Kushner must familiarize with Muslim/Arab conflict management practices

Two major potential hurdles Jared Kushner needs to focus on.

Palestinian President Mahmoud Abbas meets with US presidential adviser Jared Kushner in the West Bank city of Ramallah August 24, 2017 (photo credit: PALESTINIAN PRESIDENT OFFICE (PPO)/HANDOUT VIA REUTERS)
Palestinian President Mahmoud Abbas meets with US presidential adviser Jared Kushner in the West Bank city of Ramallah August 24, 2017
President Donald Trump’s Middle East envoy, his son-in-law, Jared Kushner, has arrived in the region (again) to explore ways to restart the stalled Palestinian-Israeli peace talks. Having heard Kushner’s views on that process in a recent Wired magazine article, it is difficult to avoid the impression that if Kushner wants to make some headway in his efforts he needs to become much more familiar with the way Muslims and Arabs negotiate and resolve conflicts.
In the audio recording obtained by Wired, Kushner was heard saying: “Everyone finds an issue, that, ‘You have to understand what they did then’ and ‘You have to understand that they did this.’ But how does that help us get peace? Let’s not focus on that. We don’t want a history lesson. We’ve read enough books. Let’s focus on how do you come up with a conclusion to the situation.”
While Kushner may not want to get another history lesson, and while he may be used to focusing on the endgame, an approach favored by many Western negotiators, if he is to have any hope of making even modest progress in the process, he will need to take into account at least two major potential hurdles: 1. Muslim/Arab dispute resolution philosophy and practice is predicated on a victim-perpetrator pairing principle. A conflict is usually “divided” among the disputants: one side assumes the role of victim, while the other assumes the role of perpetrator. A true process of reconciliation cannot start until and unless the roles are assigned. The reason for this is simple: Muslim/ Arab dispute resolution prescribes a different ritual and a different “choreography” of conflict resolution practices to each side in the conflict, depending on its role. Until and unless the roles are properly assigned, neither of the parties will be able to act according to their place in the ritual, and the process will never move forward enough to allow the sides to start dealing with substantive issues. With the Israeli- Palestinian conflict, the situation is complicated by the fact that both sides have long ago assumed the role of victim and have been unwilling to even contemplate revising this position. There are ways to solve this conundrum, but it must be solved before the start of a peace process.
2. The Israeli demand for direct negotiations with the Palestinians is a non-starter. For the past 50 years, Israelis, as the occupying power in the West Bank, have had nearly total control over the life, livelihood and freedoms of the Palestinians living in these parts. At this point in history, Israelis cannot look at Palestinians but through the lens of occupiers, while most Palestinians do not have any experience of living free of Israeli occupation – in their perspective, a thoroughly humiliating, and debilitating experience. There is little to no chance that the Palestinians, as the occupied party, will agree or be able to conduct meaningful, direct (eye-level) negotiations from such an inferior posture.

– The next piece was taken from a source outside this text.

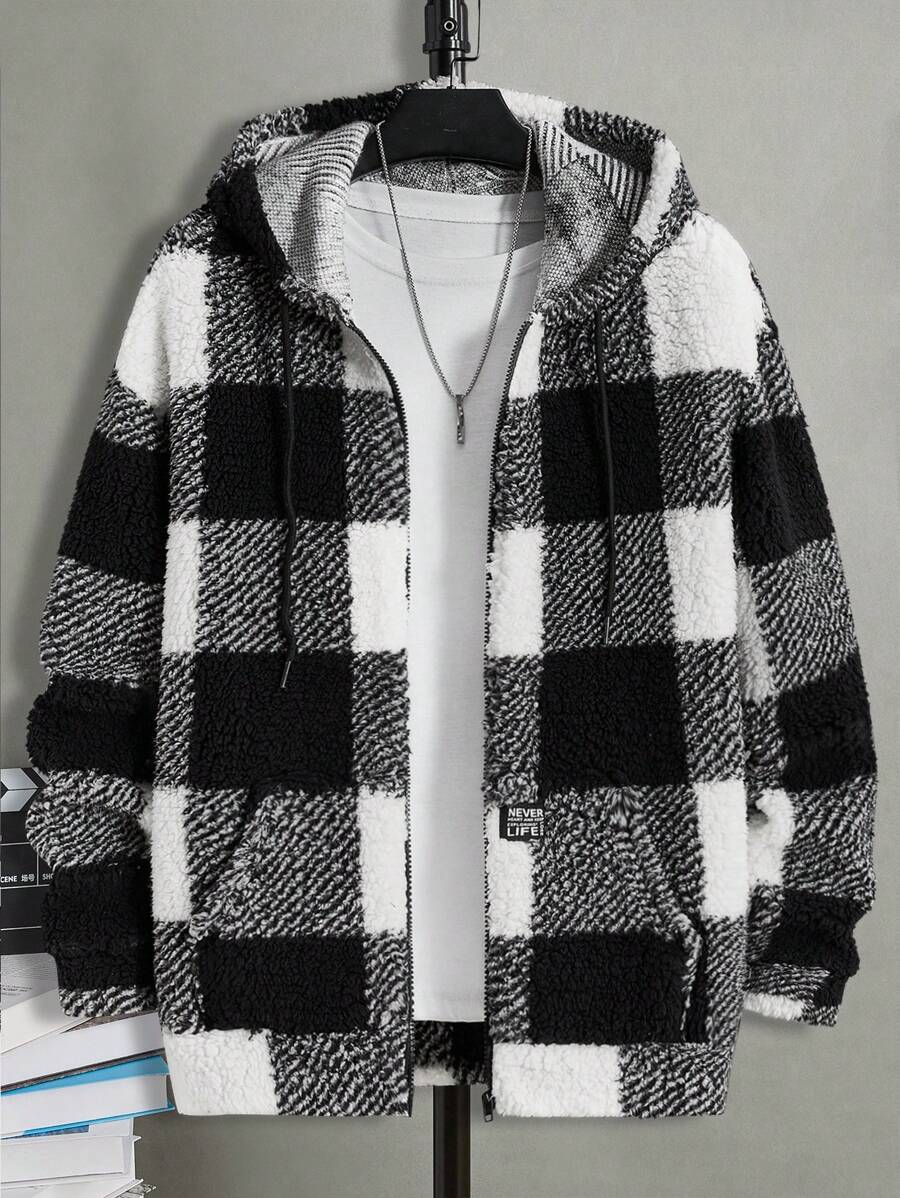 Manfinity VCAY Hombres Chaqueta Teddy Con Capucha Con Estampado De Cuadros De Búfalo, Hombro Caído Con Cordón Pero Sin Camiseta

Of course, they may be coerced into such a format, but even if they get dragged into the room, their perceptions, actions and decisions will have little chance of ever being seen by their constituencies (and even by themselves) as anything but the result of the dictates of an occupier. An indirect negotiations format will allow the US, in its essential role as the powerful third-party intervener, to act as a buffer between the sides, reframing harsh narratives, and literally dragging the sides across areas of “stuckness.”
There are a host of substantive issues Palestinian and Israeli negotiators will have to struggle with prior to reaching a settlement. However, there is little chance the sides will ever get to this part of the negotiations unless the third-party facilitator – America in this case – understands and find ways to accommodate the central tenets of Muslim/ Arab conflict resolution and negotiations. In the Middle East, pragmatism alone will just not suffice.

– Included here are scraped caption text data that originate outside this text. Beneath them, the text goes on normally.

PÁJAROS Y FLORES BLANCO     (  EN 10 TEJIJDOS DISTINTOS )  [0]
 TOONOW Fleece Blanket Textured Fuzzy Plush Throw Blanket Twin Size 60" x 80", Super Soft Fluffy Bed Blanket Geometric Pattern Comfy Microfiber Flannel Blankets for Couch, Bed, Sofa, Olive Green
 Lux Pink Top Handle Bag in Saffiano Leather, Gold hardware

The author, an expert on Muslim/ Arab conflict management, is a research associate with the Homegrown Violent Extremism Studies Program at the Safe Communities Institute (SCI) of the University of Southern California (USC), and a director of conflict management and special projects at TAL Global Inc., a California-based international security consultancy. He has a PhD from the Department of Middle Eastern Studies at King’s College, London.